My entry to the Atmosphobic RACHAL is a little film trailer and not just a still. As I saw the torch i took the chance to play with the Blender particle system. While playing around I realized that I should make a little movie cause the flames look much better that way.
While creating the scenes for the movie I have used only parts and shapes which are included in the model. I have modified the geometry to get better rendering results regarding image quality and rendering time.
I started by importing the LDraw files into Blender and optimizing them. First I have removed all inner parts of all bricks. Afterwards all bricks (with the right geometry) where beveled so they look smoother. The minifigs hair additionally was subdivided and afterwards modified by a subsurface operation to get is really smooth.
The background (ground, snowdrifts and forest) was created by using the base plates, snowdrifts and trees together with the 'duplivert' function from Blender. This function duplicates a given object/geometry (tree or base plate) on each vertex position of its own geometry. The geometry for each background component varies from scene to scene, depending on the position or path of the camera. The forest trees where not optimized (beveled) and additionally truncated at the top to keep the vertex and face count low. The treetops are not visible in the rendering and could therefore be removed. This halves the rendering time for each of the dolly ride frames.
The animation setup is quite easy. The objects which build the minifig where reorganized to an animation friendly hierarchy. The dolly ride and the basic movement of the minifig is done by a simple path following setup using constrains. To animate parts of the minifig I imported an existing armature and made it the parent of the minifig and bound the bones to the corresponding objects (i.e. ArmL.Bone -> ArmL.Object).
The flame was built of a particle emitter which is a copy of the corresponding LDraw part and a point light which moves along an almost circular path inside the emitter. The original geometry was textured with a simple animated noise texture. The animation encloses only the texture coordinates to create a moving flame effect. The snow consist of small 1x1 bricks which are emitted as particles from a plane above.
The global lightning consist of 2 main lights, a sun (for the moon) and a 'hemisphere' for the ambient lightning and 2 secondary lights, a moving flame (see above) and a headlight (spot) which is constrained to the camera (location and rotation).
The movie consists of 8 scenes
- The Arrival - The minifig enters the scene. Camera is static and follows the path of the figure.
- Frontal I - Minifig looking around. Camera is static.
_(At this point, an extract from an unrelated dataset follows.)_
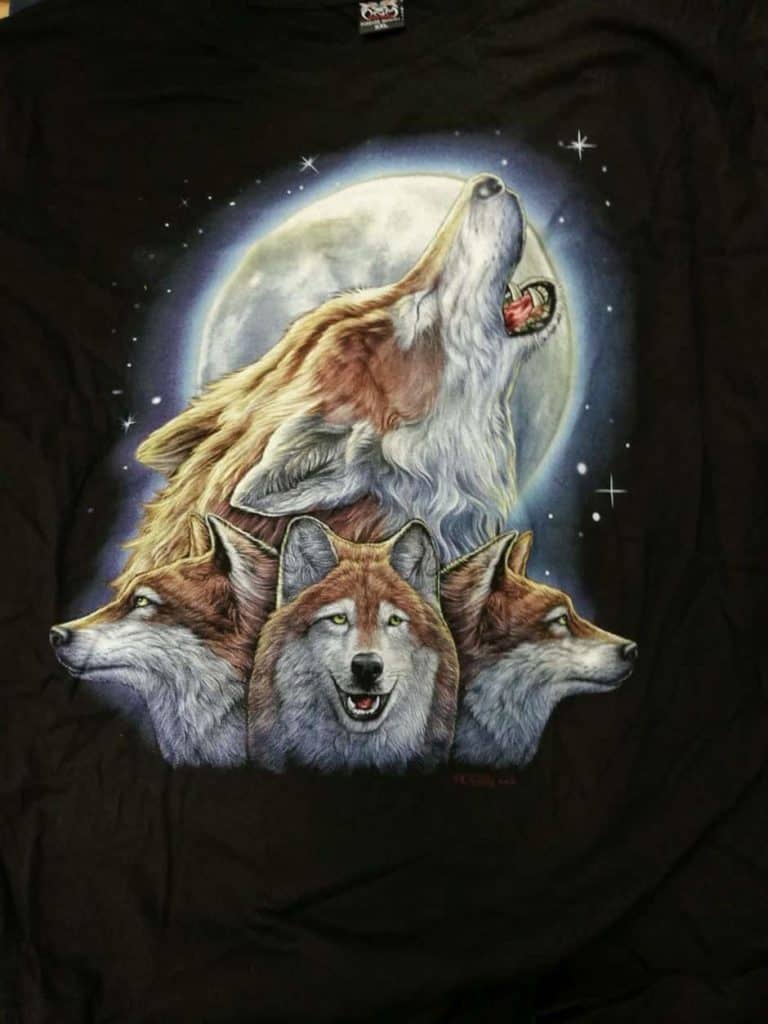 Bedruckte T-Shirts mit Tiermotiv für Damen und Herren - Wolf heult Mond 01 - gründlich sparen - einkaufen in bad grund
- Frontal II - Minifig static, camera static only the flame and the snow moves.
- The Run - The camera moves through the forest. No minifig is seen.
- The Approach - The camera moves through the forest. It encounters the minifig from the left.
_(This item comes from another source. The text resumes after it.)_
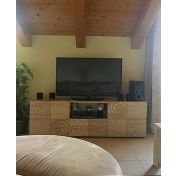 ACQUISTA ANCHE TU Base porta TV in rovere serigrafato con 2 ante e 1 cassetto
- Vade retro - The minifig swings the torch to scare away the camera. The camera retreats and encounters from another side.
- Retreat - Camera moves back, facing the minifig. The minifig .... see the movie ;)
- The Whole - Simple cover scene to render the whole movie scene by scene - separated by an empty frame to a single movie file.
Nothing special here. I have used a simple vector blur composition which renders much faster than motion blur. Output Format: 720 x 576 25fps PAL-DV quicktime movie.
The complete movie consists of 1167 frames rendered in about 18 hours on a MacBookPro.
To finally cut the movie and to add some tiles and credits I imported the rendered scenes into iMovie. The results was exported to a 720 x 576 25fps PAL-DV quicktime movie.
The sound was added with GarageBand. I imported the result from my iMovie export and added some loops and sound effects. Finaly the result was exported to a 720 x 567 25fps H.264 movie.